- WHAT IS REQUIRED
Take the data below and extract the lines from the one with "Cherry will be" to the one with "Hey guys, I'm", inclusive, exactly as written.

Stored items
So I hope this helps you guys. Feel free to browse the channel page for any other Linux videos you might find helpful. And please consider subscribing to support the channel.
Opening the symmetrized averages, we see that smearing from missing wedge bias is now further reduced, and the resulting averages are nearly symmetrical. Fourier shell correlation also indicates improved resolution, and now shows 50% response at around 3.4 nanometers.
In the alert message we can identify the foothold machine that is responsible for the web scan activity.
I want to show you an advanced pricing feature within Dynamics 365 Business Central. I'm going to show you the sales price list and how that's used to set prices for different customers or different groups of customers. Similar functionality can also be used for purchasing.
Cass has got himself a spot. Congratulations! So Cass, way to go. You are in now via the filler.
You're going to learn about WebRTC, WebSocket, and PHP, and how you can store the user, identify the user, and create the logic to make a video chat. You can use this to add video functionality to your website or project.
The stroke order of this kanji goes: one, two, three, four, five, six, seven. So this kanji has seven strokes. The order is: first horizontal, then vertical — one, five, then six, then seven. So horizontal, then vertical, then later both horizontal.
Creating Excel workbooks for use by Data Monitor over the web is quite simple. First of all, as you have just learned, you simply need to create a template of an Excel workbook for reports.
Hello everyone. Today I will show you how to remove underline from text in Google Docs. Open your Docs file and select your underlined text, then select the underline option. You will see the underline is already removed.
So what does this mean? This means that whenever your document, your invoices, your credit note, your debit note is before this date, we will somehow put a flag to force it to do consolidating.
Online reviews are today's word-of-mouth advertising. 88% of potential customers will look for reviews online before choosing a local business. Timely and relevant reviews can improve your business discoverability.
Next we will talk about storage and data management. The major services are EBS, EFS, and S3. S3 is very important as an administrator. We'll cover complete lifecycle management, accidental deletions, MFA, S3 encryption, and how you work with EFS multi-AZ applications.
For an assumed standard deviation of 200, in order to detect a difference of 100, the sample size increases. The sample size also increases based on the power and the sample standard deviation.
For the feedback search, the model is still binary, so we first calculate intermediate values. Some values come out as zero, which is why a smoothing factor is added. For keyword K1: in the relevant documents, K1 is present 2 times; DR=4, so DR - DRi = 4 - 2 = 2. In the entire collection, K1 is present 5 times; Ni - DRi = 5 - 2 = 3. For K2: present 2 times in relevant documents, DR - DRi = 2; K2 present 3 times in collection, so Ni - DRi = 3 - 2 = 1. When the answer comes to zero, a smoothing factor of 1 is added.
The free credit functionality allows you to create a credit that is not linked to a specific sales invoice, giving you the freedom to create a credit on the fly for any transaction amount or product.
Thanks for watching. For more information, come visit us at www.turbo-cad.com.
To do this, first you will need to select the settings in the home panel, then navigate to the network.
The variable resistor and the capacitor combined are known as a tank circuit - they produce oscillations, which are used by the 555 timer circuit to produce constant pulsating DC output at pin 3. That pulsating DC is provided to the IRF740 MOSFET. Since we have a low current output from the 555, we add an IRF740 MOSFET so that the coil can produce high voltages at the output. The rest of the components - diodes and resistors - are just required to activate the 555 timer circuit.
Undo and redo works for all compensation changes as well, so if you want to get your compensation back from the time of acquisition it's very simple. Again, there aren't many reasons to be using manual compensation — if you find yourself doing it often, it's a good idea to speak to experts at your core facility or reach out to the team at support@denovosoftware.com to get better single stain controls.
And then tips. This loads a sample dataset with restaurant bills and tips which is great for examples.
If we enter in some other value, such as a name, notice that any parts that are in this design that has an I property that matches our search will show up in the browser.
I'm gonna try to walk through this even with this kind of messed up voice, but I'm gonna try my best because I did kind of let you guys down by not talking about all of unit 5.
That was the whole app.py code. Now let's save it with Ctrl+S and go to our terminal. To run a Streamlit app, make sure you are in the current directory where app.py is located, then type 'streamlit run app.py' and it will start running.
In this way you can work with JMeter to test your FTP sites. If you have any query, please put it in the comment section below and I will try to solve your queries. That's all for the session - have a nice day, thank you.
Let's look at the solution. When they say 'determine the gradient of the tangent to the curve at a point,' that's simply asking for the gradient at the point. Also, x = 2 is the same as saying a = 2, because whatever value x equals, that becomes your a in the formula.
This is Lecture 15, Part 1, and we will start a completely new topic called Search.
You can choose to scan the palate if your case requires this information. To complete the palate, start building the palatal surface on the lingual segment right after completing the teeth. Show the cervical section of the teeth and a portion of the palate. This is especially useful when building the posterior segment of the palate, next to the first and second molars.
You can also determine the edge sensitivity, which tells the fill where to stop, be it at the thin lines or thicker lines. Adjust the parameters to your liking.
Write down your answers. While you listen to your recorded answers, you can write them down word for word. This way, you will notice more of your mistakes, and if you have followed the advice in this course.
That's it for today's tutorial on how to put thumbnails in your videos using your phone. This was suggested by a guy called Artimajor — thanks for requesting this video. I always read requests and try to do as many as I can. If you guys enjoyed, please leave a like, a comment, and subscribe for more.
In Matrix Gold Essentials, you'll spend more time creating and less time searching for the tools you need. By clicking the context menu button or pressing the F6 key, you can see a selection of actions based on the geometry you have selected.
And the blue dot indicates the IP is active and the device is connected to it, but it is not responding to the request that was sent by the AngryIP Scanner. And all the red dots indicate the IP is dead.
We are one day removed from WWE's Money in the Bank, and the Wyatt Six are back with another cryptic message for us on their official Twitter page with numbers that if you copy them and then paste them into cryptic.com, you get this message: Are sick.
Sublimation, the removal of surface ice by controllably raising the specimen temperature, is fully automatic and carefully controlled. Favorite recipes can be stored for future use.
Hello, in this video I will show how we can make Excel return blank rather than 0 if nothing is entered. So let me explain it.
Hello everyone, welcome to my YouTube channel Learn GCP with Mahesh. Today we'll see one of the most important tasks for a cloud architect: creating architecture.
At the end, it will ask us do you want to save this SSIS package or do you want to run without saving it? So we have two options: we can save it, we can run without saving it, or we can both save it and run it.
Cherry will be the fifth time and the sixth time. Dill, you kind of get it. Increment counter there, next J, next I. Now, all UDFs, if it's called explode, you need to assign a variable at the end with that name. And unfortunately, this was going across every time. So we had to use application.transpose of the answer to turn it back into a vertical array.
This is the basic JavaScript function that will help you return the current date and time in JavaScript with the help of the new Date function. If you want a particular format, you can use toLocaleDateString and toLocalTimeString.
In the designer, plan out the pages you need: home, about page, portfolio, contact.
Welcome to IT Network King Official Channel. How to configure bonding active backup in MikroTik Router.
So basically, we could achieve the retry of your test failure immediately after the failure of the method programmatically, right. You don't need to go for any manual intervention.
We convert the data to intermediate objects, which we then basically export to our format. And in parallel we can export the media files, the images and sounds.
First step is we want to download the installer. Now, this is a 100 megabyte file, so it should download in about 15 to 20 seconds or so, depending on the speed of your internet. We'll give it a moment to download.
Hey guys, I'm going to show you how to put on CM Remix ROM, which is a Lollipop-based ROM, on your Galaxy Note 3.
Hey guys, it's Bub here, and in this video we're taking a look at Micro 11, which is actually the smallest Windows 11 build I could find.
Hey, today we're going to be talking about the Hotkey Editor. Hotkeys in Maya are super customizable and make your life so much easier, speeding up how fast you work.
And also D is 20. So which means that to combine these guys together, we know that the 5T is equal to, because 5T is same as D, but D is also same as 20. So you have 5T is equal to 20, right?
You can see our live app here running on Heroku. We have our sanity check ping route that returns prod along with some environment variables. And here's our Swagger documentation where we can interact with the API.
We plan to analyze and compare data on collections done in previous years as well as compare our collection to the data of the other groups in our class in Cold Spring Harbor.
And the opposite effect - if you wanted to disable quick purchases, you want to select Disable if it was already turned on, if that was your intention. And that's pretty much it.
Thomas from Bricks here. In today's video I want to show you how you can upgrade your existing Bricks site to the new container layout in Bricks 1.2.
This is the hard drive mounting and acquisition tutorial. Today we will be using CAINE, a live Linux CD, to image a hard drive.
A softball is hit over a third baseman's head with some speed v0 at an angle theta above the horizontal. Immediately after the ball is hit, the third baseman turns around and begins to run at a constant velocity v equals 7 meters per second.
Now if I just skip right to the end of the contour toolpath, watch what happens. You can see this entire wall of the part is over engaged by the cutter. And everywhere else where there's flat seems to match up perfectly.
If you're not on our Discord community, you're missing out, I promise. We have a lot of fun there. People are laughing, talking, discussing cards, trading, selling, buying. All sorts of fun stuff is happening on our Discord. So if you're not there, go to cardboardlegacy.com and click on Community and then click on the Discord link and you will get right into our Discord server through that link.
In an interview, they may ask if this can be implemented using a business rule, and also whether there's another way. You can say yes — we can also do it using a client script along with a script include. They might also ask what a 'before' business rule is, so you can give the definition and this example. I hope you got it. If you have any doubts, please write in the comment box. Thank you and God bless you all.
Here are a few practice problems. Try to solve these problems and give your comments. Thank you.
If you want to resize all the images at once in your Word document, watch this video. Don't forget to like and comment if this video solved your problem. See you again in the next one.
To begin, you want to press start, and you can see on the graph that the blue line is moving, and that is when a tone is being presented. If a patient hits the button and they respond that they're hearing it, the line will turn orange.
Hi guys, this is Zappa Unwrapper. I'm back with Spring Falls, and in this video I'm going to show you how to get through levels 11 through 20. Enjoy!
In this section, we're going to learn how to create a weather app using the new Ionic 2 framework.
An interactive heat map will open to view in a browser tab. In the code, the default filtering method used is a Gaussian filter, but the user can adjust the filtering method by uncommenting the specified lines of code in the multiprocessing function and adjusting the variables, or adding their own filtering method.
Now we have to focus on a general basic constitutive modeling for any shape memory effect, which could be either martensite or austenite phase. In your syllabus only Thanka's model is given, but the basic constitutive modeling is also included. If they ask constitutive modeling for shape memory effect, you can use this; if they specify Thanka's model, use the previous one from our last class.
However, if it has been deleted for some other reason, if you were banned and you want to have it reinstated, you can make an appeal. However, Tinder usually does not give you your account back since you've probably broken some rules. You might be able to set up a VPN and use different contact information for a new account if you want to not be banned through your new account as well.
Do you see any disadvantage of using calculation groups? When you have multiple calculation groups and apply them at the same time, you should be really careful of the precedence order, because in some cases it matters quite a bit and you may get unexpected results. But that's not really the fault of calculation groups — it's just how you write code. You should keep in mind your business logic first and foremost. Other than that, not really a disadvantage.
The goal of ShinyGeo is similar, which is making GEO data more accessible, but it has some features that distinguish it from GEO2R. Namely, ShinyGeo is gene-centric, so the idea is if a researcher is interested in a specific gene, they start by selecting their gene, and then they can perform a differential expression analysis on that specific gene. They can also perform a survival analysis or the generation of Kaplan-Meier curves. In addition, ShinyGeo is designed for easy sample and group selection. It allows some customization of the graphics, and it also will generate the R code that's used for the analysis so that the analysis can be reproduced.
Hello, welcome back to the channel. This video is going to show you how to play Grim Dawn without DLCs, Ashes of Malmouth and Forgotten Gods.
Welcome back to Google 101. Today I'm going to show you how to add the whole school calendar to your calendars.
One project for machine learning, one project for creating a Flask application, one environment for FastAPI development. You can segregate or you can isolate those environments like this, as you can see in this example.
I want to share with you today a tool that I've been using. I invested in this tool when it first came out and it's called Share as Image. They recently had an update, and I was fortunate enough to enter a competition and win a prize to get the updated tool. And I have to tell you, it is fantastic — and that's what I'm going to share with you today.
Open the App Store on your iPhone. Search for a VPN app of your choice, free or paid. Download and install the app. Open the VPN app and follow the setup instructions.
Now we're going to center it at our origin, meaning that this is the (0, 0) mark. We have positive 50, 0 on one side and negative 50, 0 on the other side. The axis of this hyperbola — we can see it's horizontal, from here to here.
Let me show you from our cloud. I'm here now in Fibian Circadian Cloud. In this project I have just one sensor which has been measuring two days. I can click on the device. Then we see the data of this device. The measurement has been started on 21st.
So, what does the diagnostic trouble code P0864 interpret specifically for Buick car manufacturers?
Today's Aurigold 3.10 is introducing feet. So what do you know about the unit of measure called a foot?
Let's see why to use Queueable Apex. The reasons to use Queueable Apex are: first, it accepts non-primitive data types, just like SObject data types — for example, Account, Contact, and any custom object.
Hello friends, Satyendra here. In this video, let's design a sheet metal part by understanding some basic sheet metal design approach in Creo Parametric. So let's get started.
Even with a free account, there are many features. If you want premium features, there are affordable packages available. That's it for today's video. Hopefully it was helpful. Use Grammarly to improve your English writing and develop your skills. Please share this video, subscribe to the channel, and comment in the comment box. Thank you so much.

- RESPONSE AREA
Cherry will be the fifth time and the sixth time. Dill, you kind of get it. Increment counter there, next J, next I. Now, all UDFs, if it's called explode, you need to assign a variable at the end with that name. And unfortunately, this was going across every time. So we had to use application.transpose of the answer to turn it back into a vertical array.
This is the basic JavaScript function that will help you return the current date and time in JavaScript with the help of the new Date function. If you want a particular format, you can use toLocaleDateString and toLocalTimeString.
In the designer, plan out the pages you need: home, about page, portfolio, contact.
Welcome to IT Network King Official Channel. How to configure bonding active backup in MikroTik Router.
So basically, we could achieve the retry of your test failure immediately after the failure of the method programmatically, right. You don't need to go for any manual intervention.
We convert the data to intermediate objects, which we then basically export to our format. And in parallel we can export the media files, the images and sounds.
First step is we want to download the installer. Now, this is a 100 megabyte file, so it should download in about 15 to 20 seconds or so, depending on the speed of your internet. We'll give it a moment to download.
Hey guys, I'm going to show you how to put on CM Remix ROM, which is a Lollipop-based ROM, on your Galaxy Note 3.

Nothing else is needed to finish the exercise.